Of 6,439 discrepancies, 4,927 (76.5%) involved NBA games, 1,035 (16.1%) involved MLB, 340 (5.3%) involved NHL, and 137 (2.1%) involved NCAAB. The NBA concentration reflects the sport's combination of broad international coverage (many books pricing the same game creates more pairwise opportunities for disagreement), frequent line-moving information (injury reports, lineup decisions, load management announcements), and the timing of its schedule: most NBA games tip off between 7 and 10 PM Eastern, which places the initial pricing window squarely in the afternoon peak zone and the in-game adjustments in the overnight zone.

MLB's 16.1% share is worth noting. Baseball season barely overlapped with our observation window, and yet it generated more than a thousand discrepancies — likely because MLB moneylines have the tightest margins in US sports (see our companion study, "The Vig Tax"), and tight margins mean that even small absolute disagreements between books can produce pricing gaps.

Caveats

The limitations should be stated plainly. One week is a short observation window, and we would not claim robust seasonal conclusions from it. Our 60-second polling cadence means we miss sub-minute discrepancies, which are likely numerous during peak hours and would, if captured, skew the daytime count higher and the daytime average duration lower. We track only h2h (moneyline) markets; spread and totals markets, which are generally more liquid, may behave differently. And we filtered out discrepancies with implied gaps above 3%, on the assumption that these are more likely data errors than genuine pricing disagreements — a reasonable assumption, but one that could exclude real extreme mispricings in rare cases.

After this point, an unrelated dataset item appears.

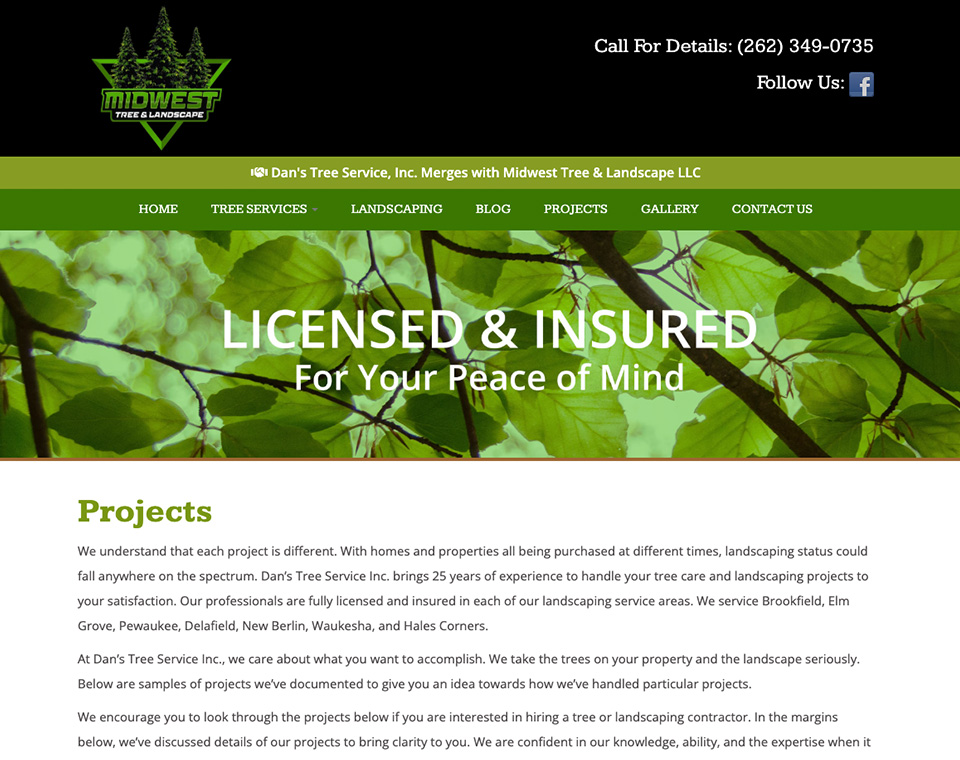 Dan's Tree Service - Projects Page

We also excluded prediction market platforms (Kalshi, Polymarket) from this analysis entirely. Cross-platform discrepancies between sportsbooks and prediction markets involve structurally different instruments with different fee models and are better analyzed separately.

What we can say with some confidence is that the overnight pattern is real and its magnitude is not trivial. The average discrepancy detected between 7 PM and midnight lasts roughly four to five times longer than one detected during the peak afternoon window. Whether that constitutes an inefficiency or merely a reflection of lower-urgency pricing during off-peak hours is a question we leave to the reader.

Methodology
BaseCase polls 40+ sportsbooks every 60 seconds for h2h moneyline odds on NBA, NHL, NCAAB, and MLB. A pricing discrepancy is flagged when the combined implied probability of opposing selections across two books sums to less than 100%, net of each book's overround. Duration is measured from first detection to last continuous detection within the polling cadence. Gaps above 3% are excluded as likely data errors. Prediction market platforms (Kalshi, Polymarket) are excluded. All times Pacific. Observation period: March 24 – March 31, 2026. N = 6,439 discrepancies across 161 events.